> **DATA**:
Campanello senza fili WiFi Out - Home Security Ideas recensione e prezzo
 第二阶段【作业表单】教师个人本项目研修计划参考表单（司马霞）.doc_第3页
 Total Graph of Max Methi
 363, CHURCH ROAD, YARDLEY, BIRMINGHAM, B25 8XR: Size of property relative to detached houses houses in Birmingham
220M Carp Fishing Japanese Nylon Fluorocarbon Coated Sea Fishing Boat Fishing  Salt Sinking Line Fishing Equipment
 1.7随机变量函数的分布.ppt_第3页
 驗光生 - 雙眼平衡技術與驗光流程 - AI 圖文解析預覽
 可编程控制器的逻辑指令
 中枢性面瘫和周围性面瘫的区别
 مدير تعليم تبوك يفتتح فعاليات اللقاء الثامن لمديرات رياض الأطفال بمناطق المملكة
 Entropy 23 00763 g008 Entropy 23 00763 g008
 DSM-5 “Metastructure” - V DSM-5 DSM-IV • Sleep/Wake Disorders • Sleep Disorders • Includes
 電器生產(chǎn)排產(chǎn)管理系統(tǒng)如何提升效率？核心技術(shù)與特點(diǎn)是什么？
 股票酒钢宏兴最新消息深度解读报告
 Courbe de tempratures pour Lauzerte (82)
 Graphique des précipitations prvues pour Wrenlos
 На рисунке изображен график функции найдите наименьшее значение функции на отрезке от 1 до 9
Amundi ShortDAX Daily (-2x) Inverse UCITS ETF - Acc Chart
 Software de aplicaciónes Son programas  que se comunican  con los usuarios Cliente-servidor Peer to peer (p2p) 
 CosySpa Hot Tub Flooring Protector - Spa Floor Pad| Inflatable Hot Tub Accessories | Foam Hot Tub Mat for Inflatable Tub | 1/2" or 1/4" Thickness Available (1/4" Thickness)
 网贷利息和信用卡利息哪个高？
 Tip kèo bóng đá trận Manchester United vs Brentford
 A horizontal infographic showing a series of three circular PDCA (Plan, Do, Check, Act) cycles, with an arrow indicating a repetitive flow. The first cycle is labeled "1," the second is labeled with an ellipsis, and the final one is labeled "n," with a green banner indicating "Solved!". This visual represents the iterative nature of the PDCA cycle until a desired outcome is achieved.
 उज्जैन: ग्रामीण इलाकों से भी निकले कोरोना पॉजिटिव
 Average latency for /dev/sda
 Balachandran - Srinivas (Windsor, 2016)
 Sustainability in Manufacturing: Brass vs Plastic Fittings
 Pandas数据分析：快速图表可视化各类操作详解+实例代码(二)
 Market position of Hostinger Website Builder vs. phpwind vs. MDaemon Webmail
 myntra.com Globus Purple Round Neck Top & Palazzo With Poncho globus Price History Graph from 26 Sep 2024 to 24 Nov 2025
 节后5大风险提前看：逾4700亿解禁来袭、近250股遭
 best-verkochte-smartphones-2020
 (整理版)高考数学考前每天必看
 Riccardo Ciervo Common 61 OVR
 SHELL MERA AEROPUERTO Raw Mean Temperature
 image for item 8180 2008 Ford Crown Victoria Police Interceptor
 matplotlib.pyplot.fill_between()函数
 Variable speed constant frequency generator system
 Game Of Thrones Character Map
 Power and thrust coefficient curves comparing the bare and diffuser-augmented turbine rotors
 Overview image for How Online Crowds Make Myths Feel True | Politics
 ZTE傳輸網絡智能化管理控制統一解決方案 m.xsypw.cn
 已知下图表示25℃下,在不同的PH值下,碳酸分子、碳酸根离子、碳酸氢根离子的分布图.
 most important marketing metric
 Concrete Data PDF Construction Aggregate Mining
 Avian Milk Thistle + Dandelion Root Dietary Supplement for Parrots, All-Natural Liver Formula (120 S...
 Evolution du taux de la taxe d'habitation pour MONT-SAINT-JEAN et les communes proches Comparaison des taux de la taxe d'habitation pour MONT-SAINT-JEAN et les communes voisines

> **TASK PROMPT**: Start from the line that holds "उज्जैन: ग्रामीण इलाकों" and print each line to the end of the records exactly, leaving out everything before it.

> **RESULT OF THE TASK**:
 उज्जैन: ग्रामीण इलाकों से भी निकले कोरोना पॉजिटिव
 Average latency for /dev/sda
 Balachandran - Srinivas (Windsor, 2016)
 Sustainability in Manufacturing: Brass vs Plastic Fittings
 Pandas数据分析：快速图表可视化各类操作详解+实例代码(二)
 Market position of Hostinger Website Builder vs. phpwind vs. MDaemon Webmail
 myntra.com Globus Purple Round Neck Top & Palazzo With Poncho globus Price History Graph from 26 Sep 2024 to 24 Nov 2025
 节后5大风险提前看：逾4700亿解禁来袭、近250股遭
 best-verkochte-smartphones-2020
 (整理版)高考数学考前每天必看
 Riccardo Ciervo Common 61 OVR
 SHELL MERA AEROPUERTO Raw Mean Temperature
 image for item 8180 2008 Ford Crown Victoria Police Interceptor
 matplotlib.pyplot.fill_between()函数
 Variable speed constant frequency generator system
 Game Of Thrones Character Map
 Power and thrust coefficient curves comparing the bare and diffuser-augmented turbine rotors
 Overview image for How Online Crowds Make Myths Feel True | Politics
 ZTE傳輸網絡智能化管理控制統一解決方案 m.xsypw.cn
 已知下图表示25℃下,在不同的PH值下,碳酸分子、碳酸根离子、碳酸氢根离子的分布图.
 most important marketing metric
 Concrete Data PDF Construction Aggregate Mining
 Avian Milk Thistle + Dandelion Root Dietary Supplement for Parrots, All-Natural Liver Formula (120 S...
 Evolution du taux de la taxe d'habitation pour MONT-SAINT-JEAN et les communes proches Comparaison des taux de la taxe d'habitation pour MONT-SAINT-JEAN et les communes voisines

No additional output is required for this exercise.